**** Entries supplied ****

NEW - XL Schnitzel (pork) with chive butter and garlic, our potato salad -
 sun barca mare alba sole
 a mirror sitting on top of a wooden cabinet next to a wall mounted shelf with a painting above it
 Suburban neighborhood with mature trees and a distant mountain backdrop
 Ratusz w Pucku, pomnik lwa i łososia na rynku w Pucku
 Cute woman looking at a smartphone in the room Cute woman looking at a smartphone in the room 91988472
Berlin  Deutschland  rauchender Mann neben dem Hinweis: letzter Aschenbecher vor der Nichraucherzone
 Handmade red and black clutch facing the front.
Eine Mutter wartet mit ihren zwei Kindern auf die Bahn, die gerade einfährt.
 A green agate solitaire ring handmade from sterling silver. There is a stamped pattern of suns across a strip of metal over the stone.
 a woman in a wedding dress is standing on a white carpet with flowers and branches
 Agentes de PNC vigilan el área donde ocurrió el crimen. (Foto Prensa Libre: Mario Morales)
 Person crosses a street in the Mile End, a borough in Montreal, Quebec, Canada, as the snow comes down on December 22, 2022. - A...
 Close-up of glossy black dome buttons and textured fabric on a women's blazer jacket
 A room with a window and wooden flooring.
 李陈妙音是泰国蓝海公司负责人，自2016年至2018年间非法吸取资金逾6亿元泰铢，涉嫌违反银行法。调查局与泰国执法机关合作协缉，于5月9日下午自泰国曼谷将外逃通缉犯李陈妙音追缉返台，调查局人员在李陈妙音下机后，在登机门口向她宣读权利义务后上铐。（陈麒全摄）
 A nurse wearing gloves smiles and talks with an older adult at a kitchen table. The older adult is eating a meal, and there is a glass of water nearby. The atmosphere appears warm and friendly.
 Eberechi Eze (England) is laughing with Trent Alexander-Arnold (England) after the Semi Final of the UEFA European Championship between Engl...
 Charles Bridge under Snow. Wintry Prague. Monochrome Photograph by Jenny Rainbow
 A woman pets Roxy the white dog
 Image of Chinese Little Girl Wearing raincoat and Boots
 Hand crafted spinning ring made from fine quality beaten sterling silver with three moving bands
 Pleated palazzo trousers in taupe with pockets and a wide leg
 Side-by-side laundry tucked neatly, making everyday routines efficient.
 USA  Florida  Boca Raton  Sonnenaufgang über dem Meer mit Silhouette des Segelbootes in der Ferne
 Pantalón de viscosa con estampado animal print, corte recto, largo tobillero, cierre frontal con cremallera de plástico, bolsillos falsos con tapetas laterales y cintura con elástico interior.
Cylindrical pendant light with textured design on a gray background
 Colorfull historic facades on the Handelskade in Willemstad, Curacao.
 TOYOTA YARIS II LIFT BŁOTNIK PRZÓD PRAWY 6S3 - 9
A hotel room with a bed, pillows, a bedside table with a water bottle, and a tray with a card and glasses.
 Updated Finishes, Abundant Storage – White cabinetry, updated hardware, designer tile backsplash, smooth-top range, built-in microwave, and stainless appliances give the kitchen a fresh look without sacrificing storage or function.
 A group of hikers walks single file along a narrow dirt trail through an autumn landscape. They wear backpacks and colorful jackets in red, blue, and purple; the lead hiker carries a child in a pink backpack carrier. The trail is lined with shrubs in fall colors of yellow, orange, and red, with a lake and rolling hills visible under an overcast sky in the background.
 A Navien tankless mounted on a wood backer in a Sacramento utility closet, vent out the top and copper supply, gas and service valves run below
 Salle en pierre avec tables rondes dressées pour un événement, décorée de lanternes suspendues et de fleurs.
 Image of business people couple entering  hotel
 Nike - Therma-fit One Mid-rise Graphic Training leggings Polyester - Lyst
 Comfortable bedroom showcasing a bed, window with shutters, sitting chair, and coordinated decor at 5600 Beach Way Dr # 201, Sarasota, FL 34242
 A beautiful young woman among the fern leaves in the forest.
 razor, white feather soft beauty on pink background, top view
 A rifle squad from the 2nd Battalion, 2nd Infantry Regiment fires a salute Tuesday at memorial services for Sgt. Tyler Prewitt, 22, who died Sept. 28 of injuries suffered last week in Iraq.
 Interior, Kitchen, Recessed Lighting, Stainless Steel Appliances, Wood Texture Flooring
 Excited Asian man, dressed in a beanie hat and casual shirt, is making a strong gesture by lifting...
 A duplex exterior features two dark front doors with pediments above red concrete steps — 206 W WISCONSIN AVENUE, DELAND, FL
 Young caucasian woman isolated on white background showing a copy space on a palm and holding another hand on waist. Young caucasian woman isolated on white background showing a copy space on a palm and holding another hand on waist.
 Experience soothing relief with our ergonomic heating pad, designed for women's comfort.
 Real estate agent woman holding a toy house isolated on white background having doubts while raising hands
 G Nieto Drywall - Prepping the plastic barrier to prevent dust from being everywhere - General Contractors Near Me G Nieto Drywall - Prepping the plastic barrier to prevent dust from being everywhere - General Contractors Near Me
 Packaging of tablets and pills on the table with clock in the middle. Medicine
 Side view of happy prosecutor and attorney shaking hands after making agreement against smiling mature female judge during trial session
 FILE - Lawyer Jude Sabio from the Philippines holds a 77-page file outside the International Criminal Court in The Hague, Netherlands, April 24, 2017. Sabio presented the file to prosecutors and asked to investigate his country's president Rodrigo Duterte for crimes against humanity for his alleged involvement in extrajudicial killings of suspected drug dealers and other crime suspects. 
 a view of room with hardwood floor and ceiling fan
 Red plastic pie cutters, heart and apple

****

Assignment - Every record above is to be transcribed exactly.

Solution to this task -
NEW - XL Schnitzel (pork) with chive butter and garlic, our potato salad -
 sun barca mare alba sole
 a mirror sitting on top of a wooden cabinet next to a wall mounted shelf with a painting above it
 Suburban neighborhood with mature trees and a distant mountain backdrop
 Ratusz w Pucku, pomnik lwa i łososia na rynku w Pucku
 Cute woman looking at a smartphone in the room Cute woman looking at a smartphone in the room 91988472
Berlin  Deutschland  rauchender Mann neben dem Hinweis: letzter Aschenbecher vor der Nichraucherzone
 Handmade red and black clutch facing the front.
Eine Mutter wartet mit ihren zwei Kindern auf die Bahn, die gerade einfährt.
 A green agate solitaire ring handmade from sterling silver. There is a stamped pattern of suns across a strip of metal over the stone.
 a woman in a wedding dress is standing on a white carpet with flowers and branches
 Agentes de PNC vigilan el área donde ocurrió el crimen. (Foto Prensa Libre: Mario Morales)
 Person crosses a street in the Mile End, a borough in Montreal, Quebec, Canada, as the snow comes down on December 22, 2022. - A...
 Close-up of glossy black dome buttons and textured fabric on a women's blazer jacket
 A room with a window and wooden flooring.
 李陈妙音是泰国蓝海公司负责人，自2016年至2018年间非法吸取资金逾6亿元泰铢，涉嫌违反银行法。调查局与泰国执法机关合作协缉，于5月9日下午自泰国曼谷将外逃通缉犯李陈妙音追缉返台，调查局人员在李陈妙音下机后，在登机门口向她宣读权利义务后上铐。（陈麒全摄）
 A nurse wearing gloves smiles and talks with an older adult at a kitchen table. The older adult is eating a meal, and there is a glass of water nearby. The atmosphere appears warm and friendly.
 Eberechi Eze (England) is laughing with Trent Alexander-Arnold (England) after the Semi Final of the UEFA European Championship between Engl...
 Charles Bridge under Snow. Wintry Prague. Monochrome Photograph by Jenny Rainbow
 A woman pets Roxy the white dog
 Image of Chinese Little Girl Wearing raincoat and Boots
 Hand crafted spinning ring made from fine quality beaten sterling silver with three moving bands
 Pleated palazzo trousers in taupe with pockets and a wide leg
 Side-by-side laundry tucked neatly, making everyday routines efficient.
 USA  Florida  Boca Raton  Sonnenaufgang über dem Meer mit Silhouette des Segelbootes in der Ferne
 Pantalón de viscosa con estampado animal print, corte recto, largo tobillero, cierre frontal con cremallera de plástico, bolsillos falsos con tapetas laterales y cintura con elástico interior.
Cylindrical pendant light with textured design on a gray background
 Colorfull historic facades on the Handelskade in Willemstad, Curacao.
 TOYOTA YARIS II LIFT BŁOTNIK PRZÓD PRAWY 6S3 - 9
A hotel room with a bed, pillows, a bedside table with a water bottle, and a tray with a card and glasses.
 Updated Finishes, Abundant Storage – White cabinetry, updated hardware, designer tile backsplash, smooth-top range, built-in microwave, and stainless appliances give the kitchen a fresh look without sacrificing storage or function.
 A group of hikers walks single file along a narrow dirt trail through an autumn landscape. They wear backpacks and colorful jackets in red, blue, and purple; the lead hiker carries a child in a pink backpack carrier. The trail is lined with shrubs in fall colors of yellow, orange, and red, with a lake and rolling hills visible under an overcast sky in the background.
 A Navien tankless mounted on a wood backer in a Sacramento utility closet, vent out the top and copper supply, gas and service valves run below
 Salle en pierre avec tables rondes dressées pour un événement, décorée de lanternes suspendues et de fleurs.
 Image of business people couple entering  hotel
 Nike - Therma-fit One Mid-rise Graphic Training leggings Polyester - Lyst
 Comfortable bedroom showcasing a bed, window with shutters, sitting chair, and coordinated decor at 5600 Beach Way Dr # 201, Sarasota, FL 34242
 A beautiful young woman among the fern leaves in the forest.
 razor, white feather soft beauty on pink background, top view
 A rifle squad from the 2nd Battalion, 2nd Infantry Regiment fires a salute Tuesday at memorial services for Sgt. Tyler Prewitt, 22, who died Sept. 28 of injuries suffered last week in Iraq.
 Interior, Kitchen, Recessed Lighting, Stainless Steel Appliances, Wood Texture Flooring
 Excited Asian man, dressed in a beanie hat and casual shirt, is making a strong gesture by lifting...
 A duplex exterior features two dark front doors with pediments above red concrete steps — 206 W WISCONSIN AVENUE, DELAND, FL
 Young caucasian woman isolated on white background showing a copy space on a palm and holding another hand on waist. Young caucasian woman isolated on white background showing a copy space on a palm and holding another hand on waist.
 Experience soothing relief with our ergonomic heating pad, designed for women's comfort.
 Real estate agent woman holding a toy house isolated on white background having doubts while raising hands
 G Nieto Drywall - Prepping the plastic barrier to prevent dust from being everywhere - General Contractors Near Me G Nieto Drywall - Prepping the plastic barrier to prevent dust from being everywhere - General Contractors Near Me
 Packaging of tablets and pills on the table with clock in the middle. Medicine
 Side view of happy prosecutor and attorney shaking hands after making agreement against smiling mature female judge during trial session
 FILE - Lawyer Jude Sabio from the Philippines holds a 77-page file outside the International Criminal Court in The Hague, Netherlands, April 24, 2017. Sabio presented the file to prosecutors and asked to investigate his country's president Rodrigo Duterte for crimes against humanity for his alleged involvement in extrajudicial killings of suspected drug dealers and other crime suspects. 
 a view of room with hardwood floor and ceiling fan
 Red plastic pie cutters, heart and apple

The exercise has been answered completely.